Data block:
/---

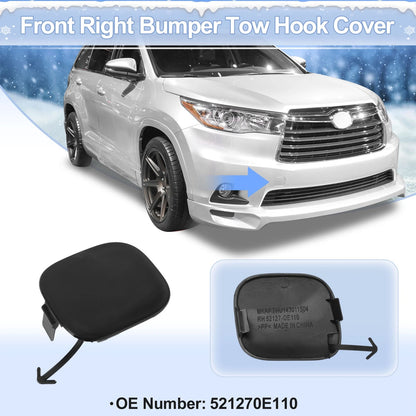 Tow Hook Cover Cap for Toyota Corolla (2007–2009) No. 5212802250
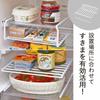 Shimomura Kihan Dish Rack, Set of 4 [Made In Japan], Under-Sink Storage, Dish Shelf, Space-Efficient, Stackable, Dishes, Mugs, Storage, Refrigerator,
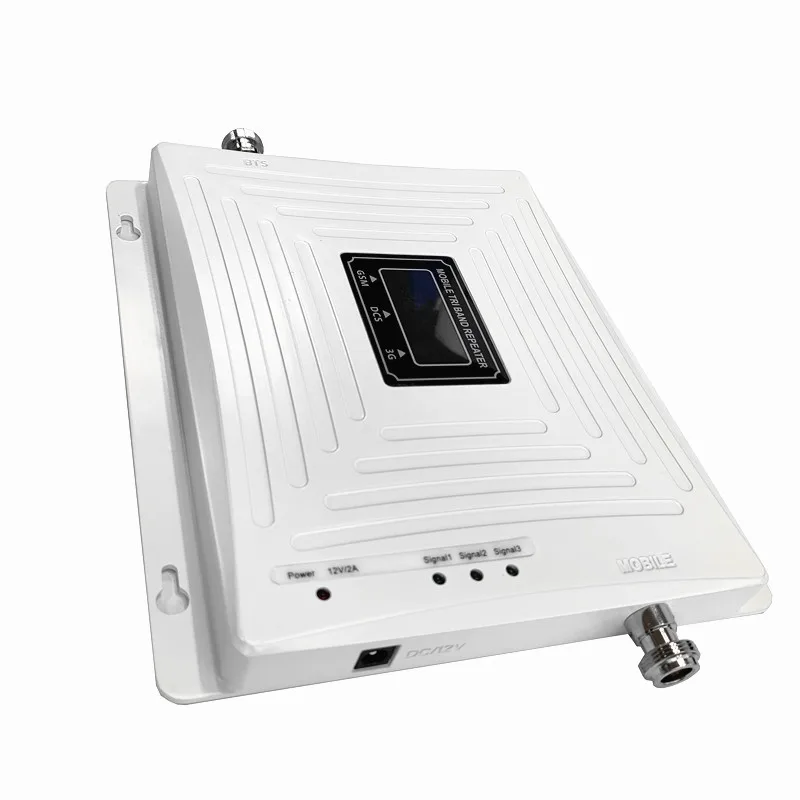 2G 3g 4G трехдиапазонный усилитель сигнала сотового телефона GSM 900 LTE 1800 WCDMA 2100 mhz мобильный сотовый ретранслятор сигнала Антенна Набор крышка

\---

Instructions for the task: For your answer, write out the data exactly and drop every picture.

Response area:
 Tow Hook Cover Cap for Toyota Corolla (2007–2009) No. 5212802250
 Shimomura Kihan Dish Rack, Set of 4 [Made In Japan], Under-Sink Storage, Dish Shelf, Space-Efficient, Stackable, Dishes, Mugs, Storage, Refrigerator,
 2G 3g 4G трехдиапазонный усилитель сигнала сотового телефона GSM 900 LTE 1800 WCDMA 2100 mhz мобильный сотовый ретранслятор сигнала Антенна Набор крышка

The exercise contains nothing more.